O que você acha que mudou no seu processo de escrita ao longo dos anos? O que você diria a si mesmo se pudesse voltar à escrita de sua tese?
Eu acho que fiquei mais maduro e, com isso, ganhei mais segurança na escrita. Isso não significa dizer que eu não perceba claramente a necessidade de ainda caminhar muitos passos para realmente escrever bem. Se eu pudesse voltar ao momento em que estava elaborando meu projeto de tese de doutorado, eu diria a mim mesmo para ter menos medo e observar com mais atenção como os historiadores que admiro trabalham. De todo modo, mesmo que eu não tenha ficado completamente satisfeito com o resultado da minha tese, que agora está sendo publicada como livro, acho que, dentro dos limites de um trabalho acadêmico e do tempo disponível para realizá-lo, consegui atingir um resultado bastante razoável. Ao menos o suficiente para ter certeza de que é esse o tipo de trabalho que desejo continuar fazendo. Espero que o contexto político do país permita a realização desse desejo.
Que projeto você gostaria de fazer, mas ainda não começou? Que livro você gostaria de ler e ele ainda não existe?

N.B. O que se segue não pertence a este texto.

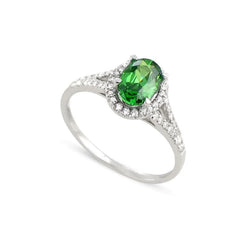 6.75 Carats Green Emerald And Natural Earth Mined Diamond Ring White Gold 14K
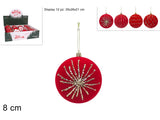 Display 12 Palline di Natale 8 cm in Velluto Rosso con Glitter Oro  4 Soggetti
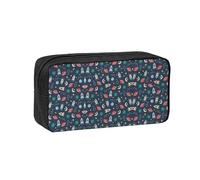 SDEGTHO Rocket Clipart Space Ship Printed Stationery Case Spacious Pencil Pouch Polyester Zip Organizer for School College Office Days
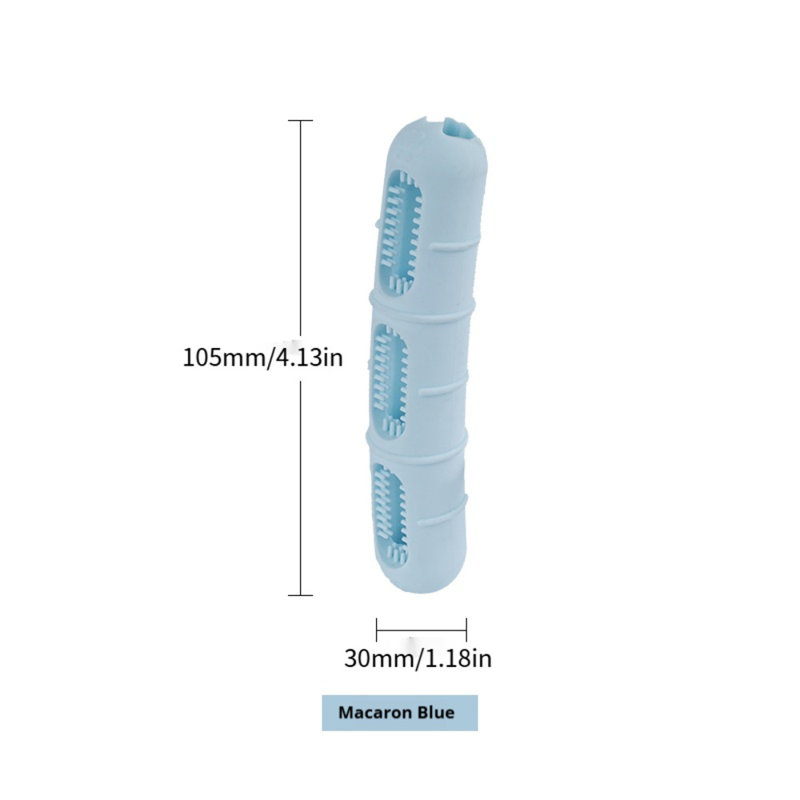 Brosse à saucisse pour chien en silicone de qualité alimentaire - Nettoyage des dents et jouet à mâcher résistant aux morsures (soins dentaires + jeu interactif), bleu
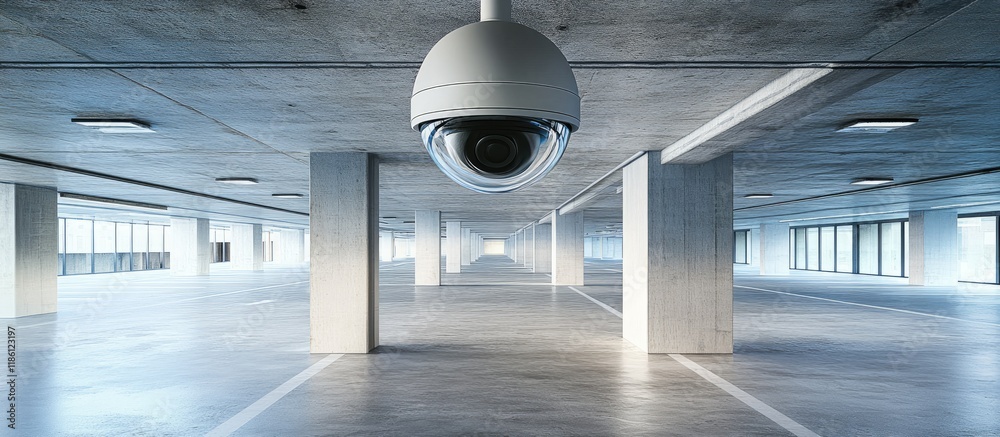Poster cctv camera mounted on the concrete ceiling of the parking area in the condominium with copy space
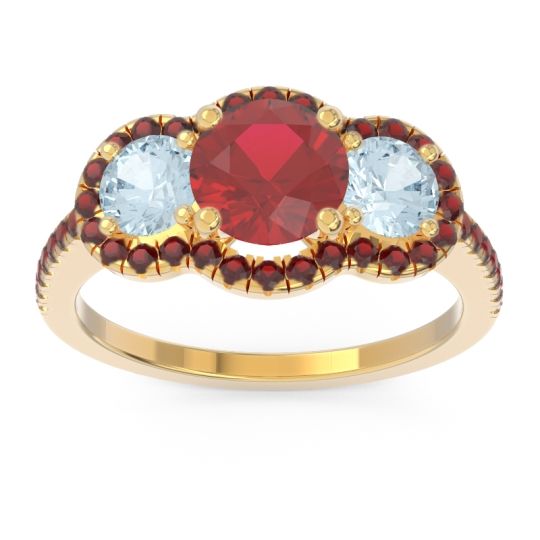 Halo Three Stone Attika Ring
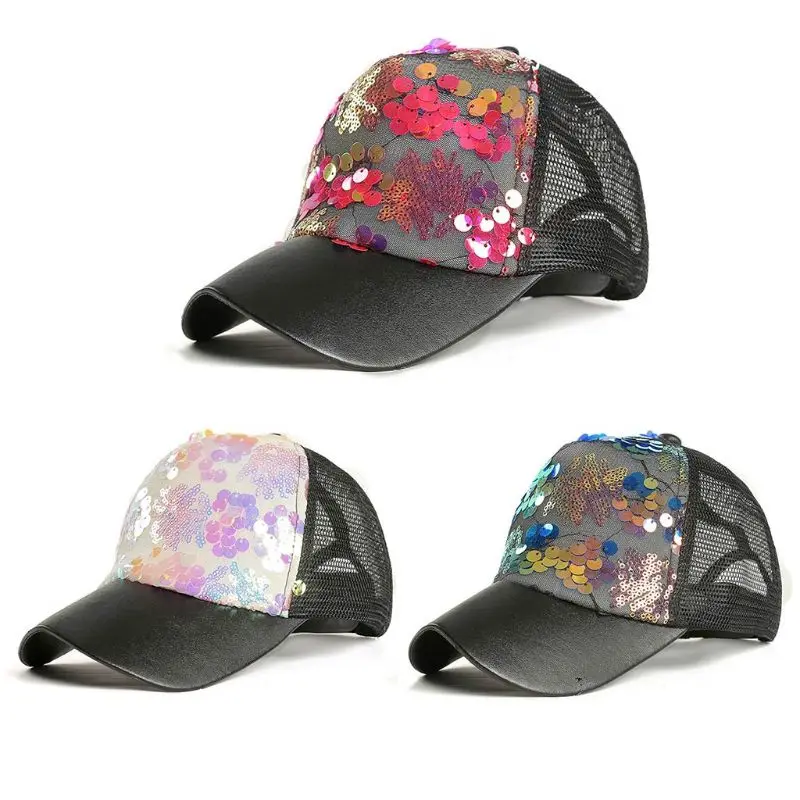 

Women Couples Summer Mesh Splicing Visor Cap DIY Leaves Fish Scale Glitter Round Sequins Adjustable Sport Hiking Cap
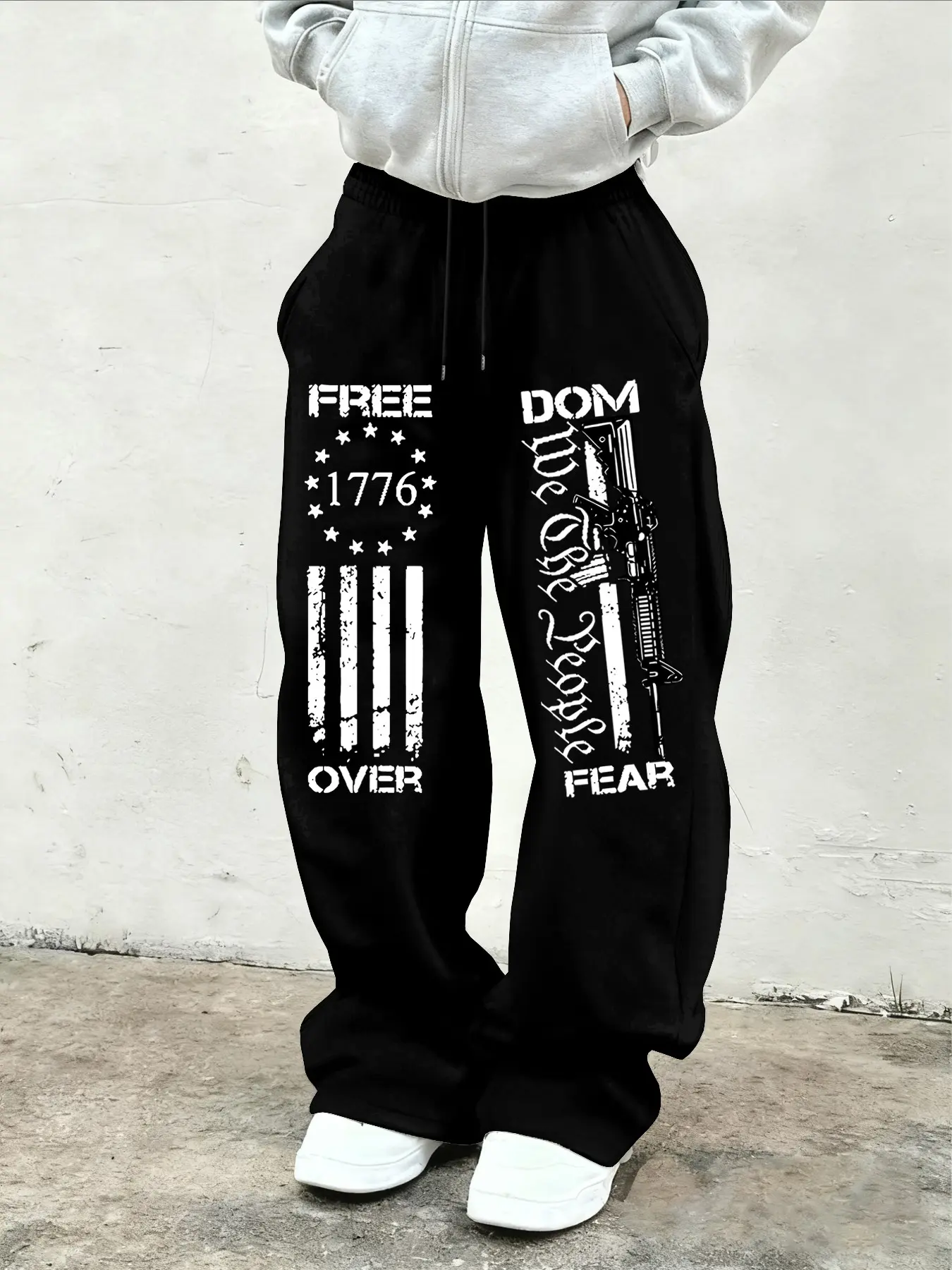 Men's Straight Leg Sport Pants with Pockets and Drawstring, Casual Comfy Sporty, American Flag Gun Letter Pattern, Casual Comfortable Daily Wear Long Pants, Sports Casual Pants, Athleisure Bottoms, Athleisure Style Pants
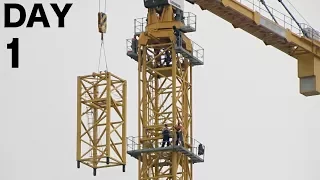 Tower crane disassembly Day 1 of 4: Removal of top segment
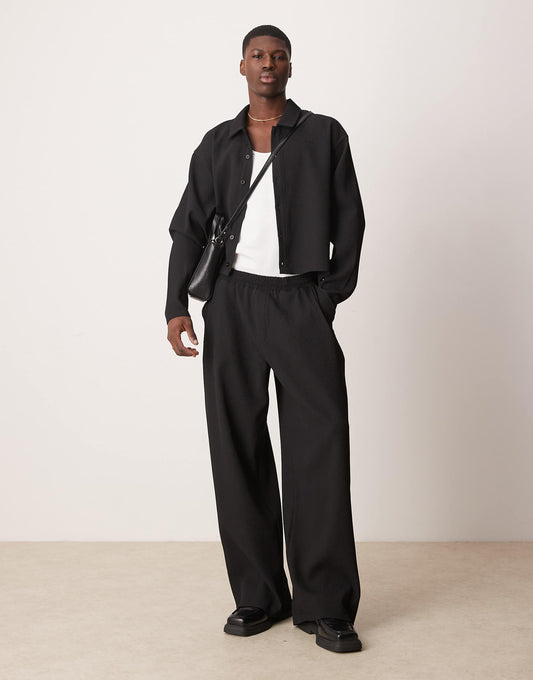 Co-Ord Super Baggy Plisse Trousers With Elasticated Waist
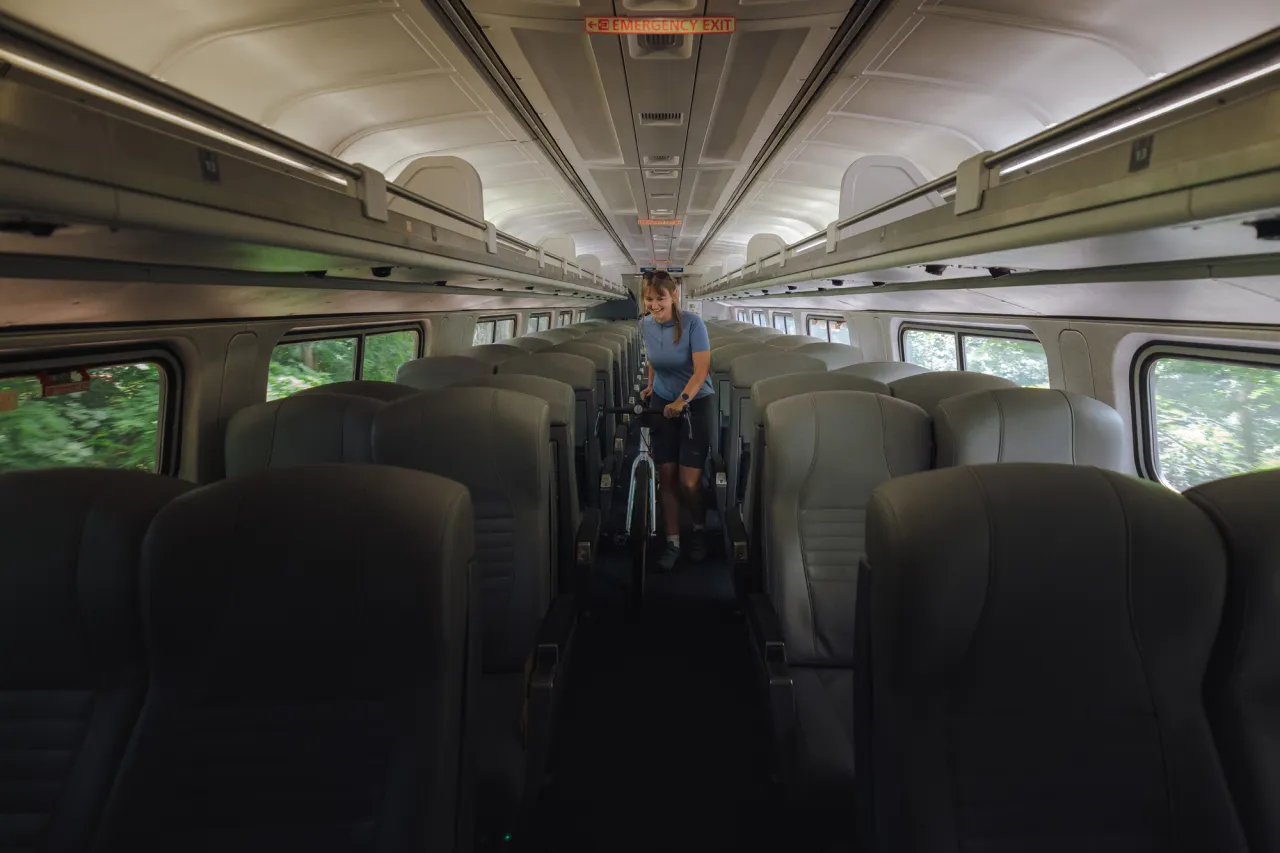 Riding the Amtrak with a bike.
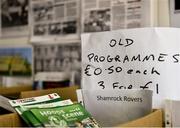 31 August 2018; A view of old match day programs for sale prior to the SSE Airtricity League Premier Division match between Bray Wanderers and Shamrock Rovers at the Carlisle Grounds in Bray, Wicklow. Photo by Seb Daly/Sportsfile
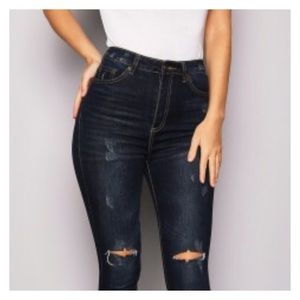 Current/Elliot Stiletto Jean Slit Knee Distressed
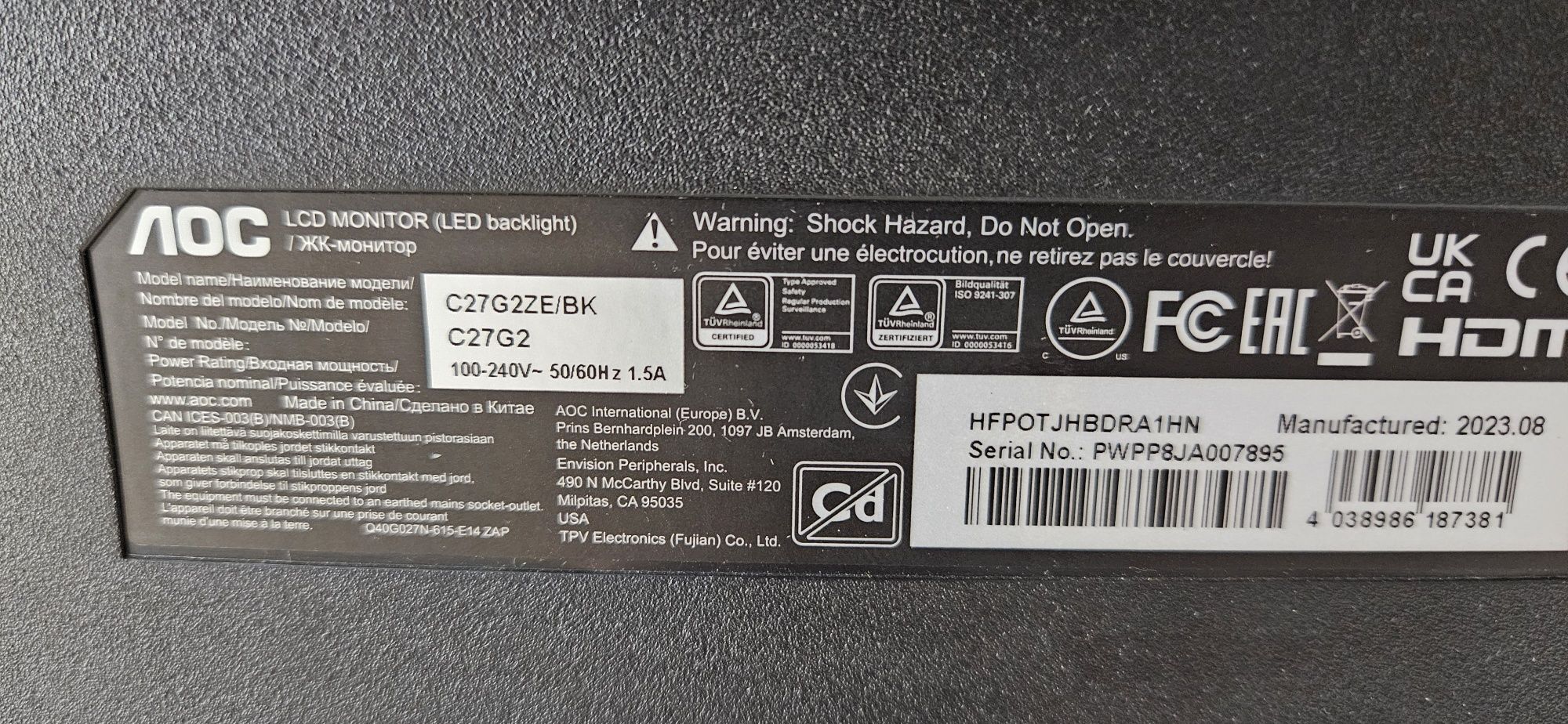 352/25 Monitor AOC G2 C27G2ZE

Eu defendi minha tese de doutorado há muito pouco tempo, então ainda não consegui me pensar em nenhum projeto acadêmico de grande monta no qual eu gostaria de mergulhar. Essa questão também está sendo muito influenciada pela situação crítica da educação brasileira em todos os níveis. Não está sendo nada fácil conseguir bolsas que financiem pesquisas científicas, o que torna a vida dos pesquisadores, sobretudo os recém-formados, muito difícil. Quanto ao livro que gostaria de ler, sinceramente, não consigo responder. As pilhas de livros não lidos que estão na minha casa, afora as listas de livros que pretendo ler são tão enormes, que não consigo imaginar nenhum livro que eu queira ler e que ainda não tenha sido escrito. Mesmo porque para fazer esse tipo de afirmação tão peremptória seria necessário eu já ter lido muito mais do que já li.